Carnival Corporation saw its share prices fall by as much as 80% in late 2019 as the world struggled to respond to the global pandemic. With ships stranded in port and clearance procedures ongoing, the cruise operator continued to focus on a series of improvements launched before the pandemic transformed markets.
These changes could help right the proverbial ship and return Carnival to smooth sailing.
Carnival calls for calm seas
The apparent loss of revenue during the early days of the pandemic had lasting consequences, as major cruise lines provided any passengers unable to travel with credit vouchers toward future voyages. These vouchers continue to reduce profitability on each cruise, but they represent a fixed cost that can quickly decrease over time.
Similarly, cruise lines have now absorbed much of the cost of cleaning, certifying and modifying ships to meet the new vacation challenges created by the pandemic.
Carnival’s 2016 energy efficiency improvements helped boost its continued profitability in the years leading up to the pandemic downturn, and the company invested $350 million to further hedge against rising fuel prices and reduce overall consumption.

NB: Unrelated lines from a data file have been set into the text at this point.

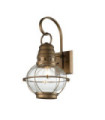 Kichler exterior wall light Aluminum, transparent grained glass Natural brass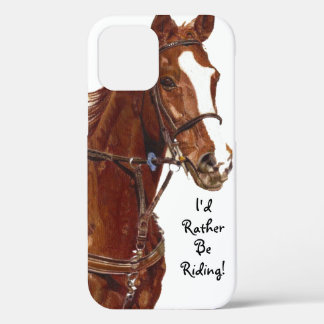 I'd Rather Be Riding! Horse OtterBox iPhone Case
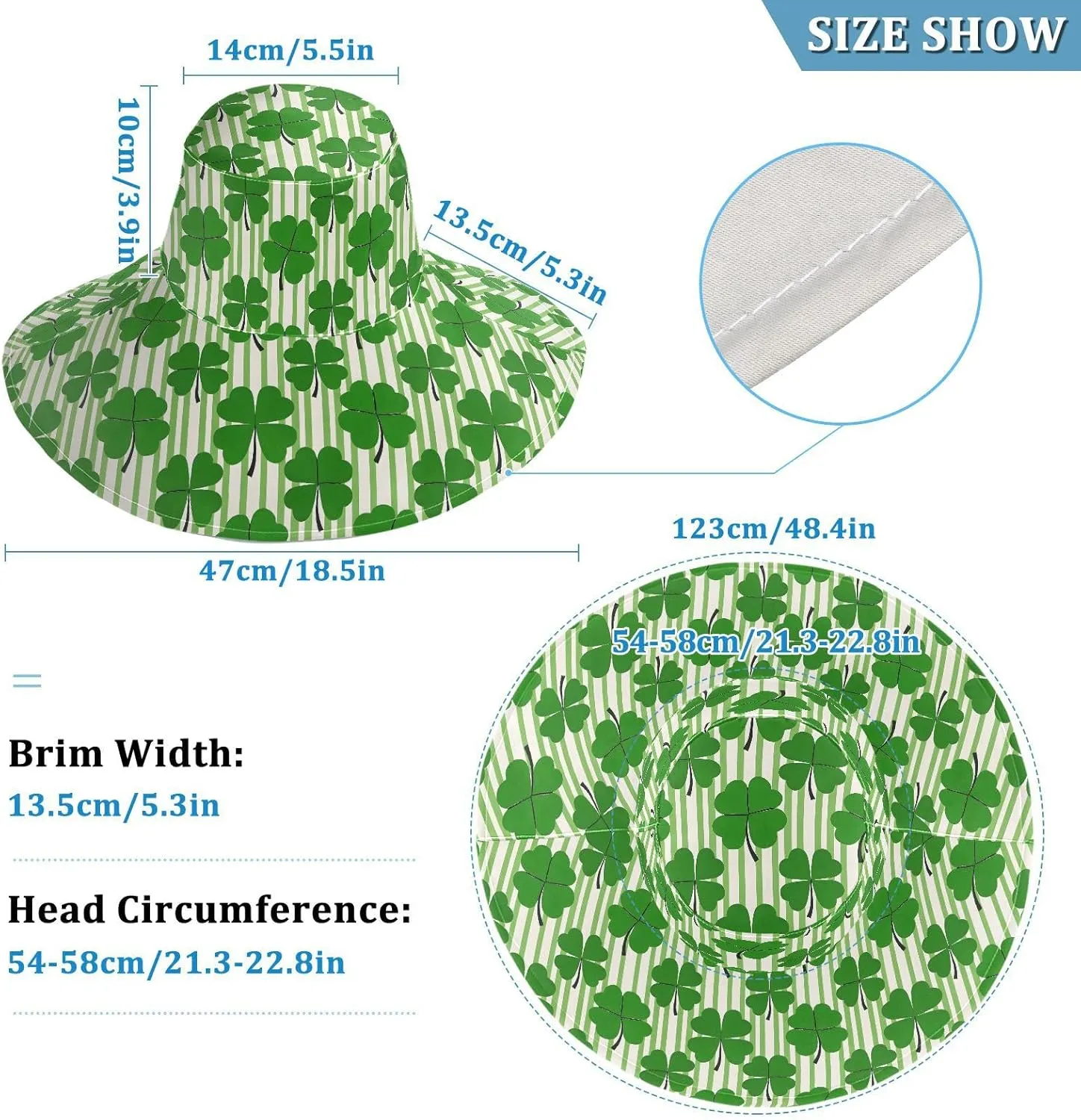 MNSRUU Wide Brim Hats for Women Flower Chicken Blue Sun Hat Packable Sun Visors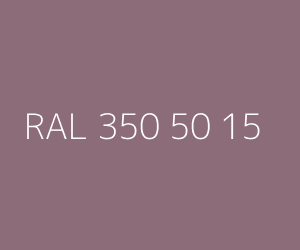 Color RAL 350 50 15 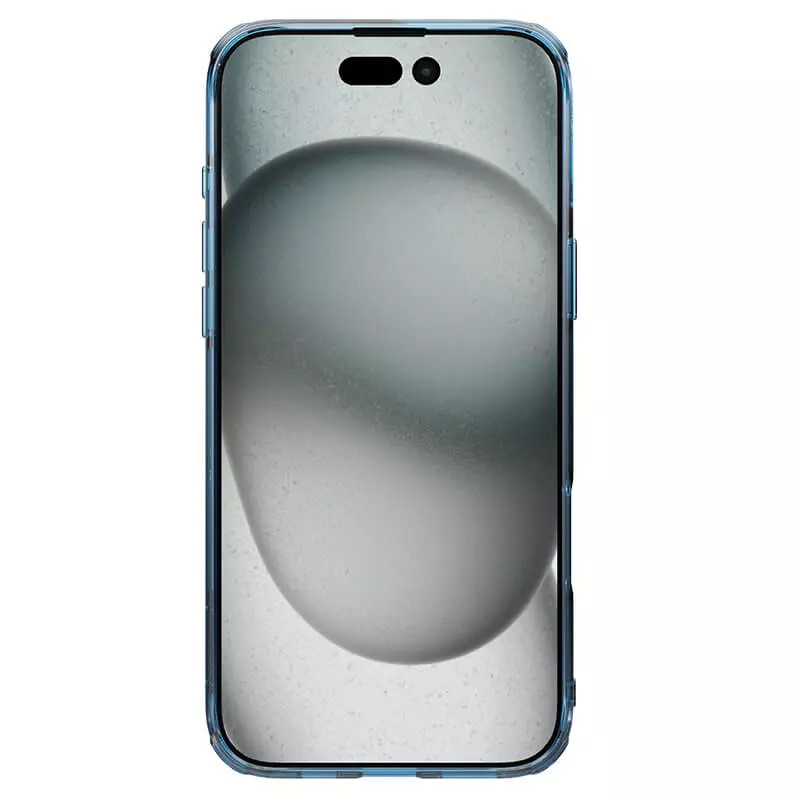Купити TPU чохол Nillkin Nature Pro Series на Apple iPhone 16 (6.1") (Синій (прозорий)) на vchehle.ua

The cruise line also announced in September that pandemic boarding requests had ended in most markets. Between these changes and the reduction in the number of credit coupons remaining, it appears that most of Carnival’s immediate profit loss from the implosion has passed.
Bringing things back home
The introduction of Carnival’s Service Energy Packages, first announced in August, offers one of the latest sets of initiatives designed to reduce costs. By installing and enabling these improvements across its fleet, Carnival hopes to reduce fuel costs and reduce greenhouse gas emissions.
Service Energy Packages include upgrades to HVAC systems for greater efficiency and a switch to LED lighting systems. Technical changes and remote monitoring should improve overall results and provide a return on investment. Carnival expects this rollout period to take place over the next five years, with shipboard fuel consumption rates falling by up to 10% by 2023.

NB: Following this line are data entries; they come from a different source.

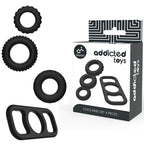 ADDICTED TOYS - SET DI 4 ANELLI PENIENE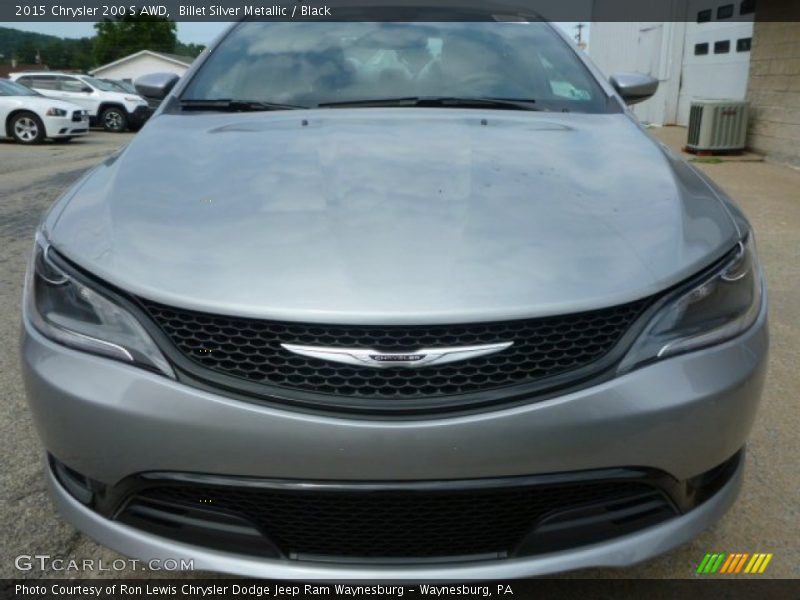 Billet Silver Metallic / Black 2015 Chrysler 200 S AWD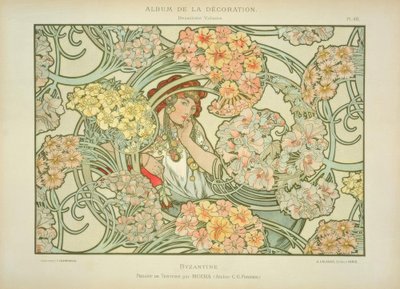bizánci alkotó: Alphonse Mucha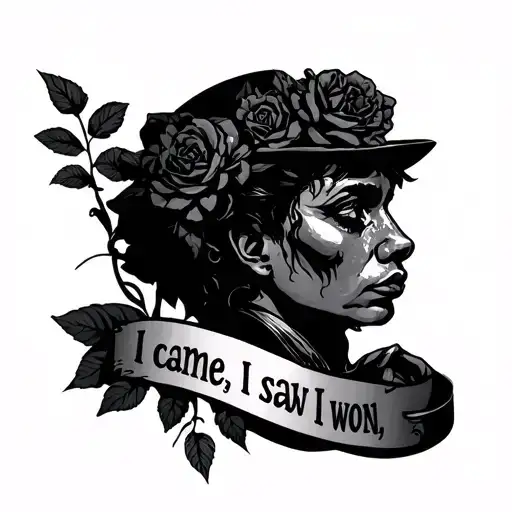 I came, I saw, I won tattoo design idea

Beyond reducing energy costs, which remain a major factor in cruise profitability, the latest initiatives include a push to return full capacity to guest services. Lines are now operating at 95% capacity, according to Carnival’s September earnings report. New bookings continue apace, and Carnival’s most recent quarter saw a return to $4.8 billion in future cruise deposits, down sharply from $4.9 billion in the country during the same quarter of 2019.
Never try to catch a falling knife
Conventional wisdom says that any stock that sees a big drop like Carnival should be viewed with the utmost caution. Carnival’s recovery includes many initiatives that were already underway before the pandemic, but those costs may have slowed its recovery as revenue dried up. While Carnival continues to show some strength and a comeback may be on the horizon, the company has yet to reach its core markets.

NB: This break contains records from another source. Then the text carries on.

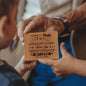 To My Beloved Dad Leather Wallet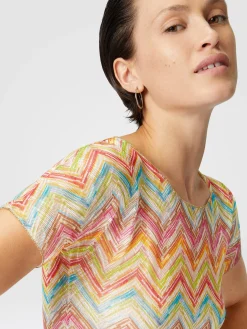 Crop top en tulle imprimé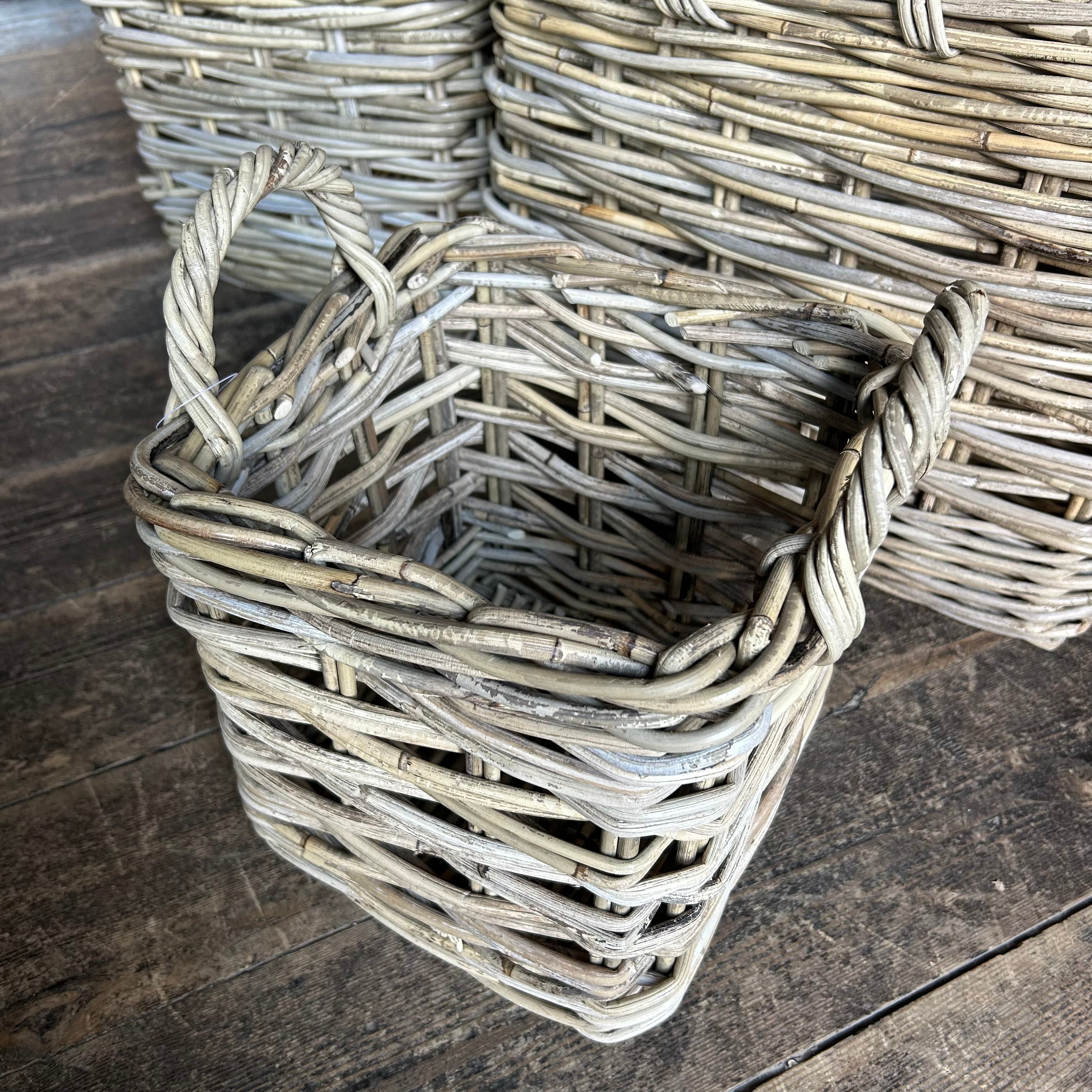 Square Rattan Log Basket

competitor Royal Caribbean Groupfor example, it offers a strong alternative and a greater opportunity for sustainable profitability sooner than Carnival.
Royal Caribbean predicts a move to positive earnings per share this year versus Carnival’s expectation for 2023. Royal Caribbean’s share price, currently around $48 versus Carnival’s $8, has taken less of a hit this year. Market patience with the cruise line recovery appears to be lacking, indicating reduced confidence in the near-term return to profitability. But that smaller bump also means less upside for those looking to invest.
Cruises seem poised for a comeback
The cruise market remains in a period of growth and recovery. Grand View Research estimates that cruise revenue could double from the current $7.67 billion to more than $15 billion by 2028. This represents a lot of potential for cruise executives. Investors looking for proven cruise line stocks with plenty of upside are likely to see promise in Carnival.
With travel deposits approaching 2019 levels, profitability may follow. Carnival’s share price at that time was six times higher than today’s price, showing that this company can deliver. Carnival stock does not appear to be a falling knife, but instead may offer a rare opportunity for those looking to buy and hold.